In 1815 Trevithick took out a farther patent, embodying several important applications of steam-power. One of these consisted in "causing steam of a high pressure to spout out against the atmosphere, and by its recoiling force to produce motion in a direction contrary to the issuing steam, similar to the motion produced in a rocket, or to the recoil of a gun." This was, however, but a revival of the ancient Œolipile described by Hero, and known as "Hero's engine."

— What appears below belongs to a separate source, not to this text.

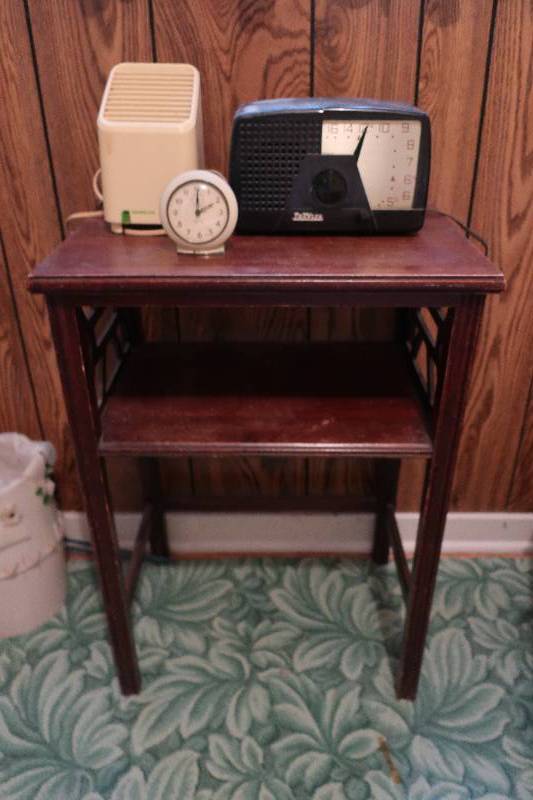 WOOD TABLE AND CONTENTS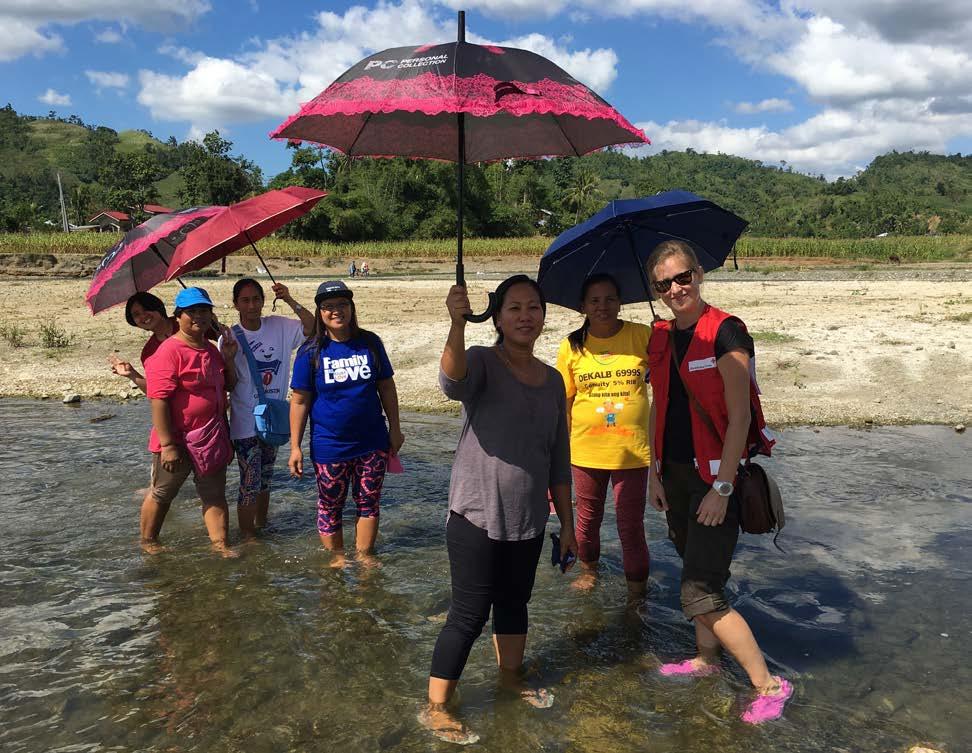 Internationellt hjälparbete Kollega från PRC Michaela tillsammans med medlemmar från barangaystyrelsen, Cagayan i nordöstra Filippinerna.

In another part of his specification Trevithick described the screw-propeller as "a screw or a number of leaves placed obliquely round an axis similar to the vanes of a smoke-jack, which shall be made to revolve with great speed in a line with the required motion of the ship, or parallel to the same line of motion." In a second part of the specification, he described a plunger or pole-engine in which the steam worked at high-pressure. The first engine of this kind was erected by Trevithick at Herland in 1815, but the result was not equal to his expectations, though the principle was afterward successfully applied by Mr. William Sims, who purchased the patent-right.
In this specification Trevithick also described a tubular boiler of a new construction for the purpose of more rapidly producing high-pressure steam, the heating surface being extended by constructing the boiler of a number of small perpendicular tubes, closed at the bottom, but all opening at the top into a common reservoir, from whence they received their water, and into which the steam of all the tubes was united.
While Trevithick was engaged in these ingenious projects, an event occurred which, though it promised to issue in the most splendid results, proved the greatest misfortune of his life. We refer to his adventures in connection with the gold mines of Peru. Many of the richest of them had been drowned out, the pumping machinery of the country being incapable of clearing them of water. The districts in which they were situated were almost inaccessible to ordinary traffic, all transport being conducted on the backs of men or of mules. The parts of an ordinary condensing engine were too ponderous to be carried up these mountain heights, and it was evident that, unless some lighter sort of engine could be employed, the mines in question must be abandoned.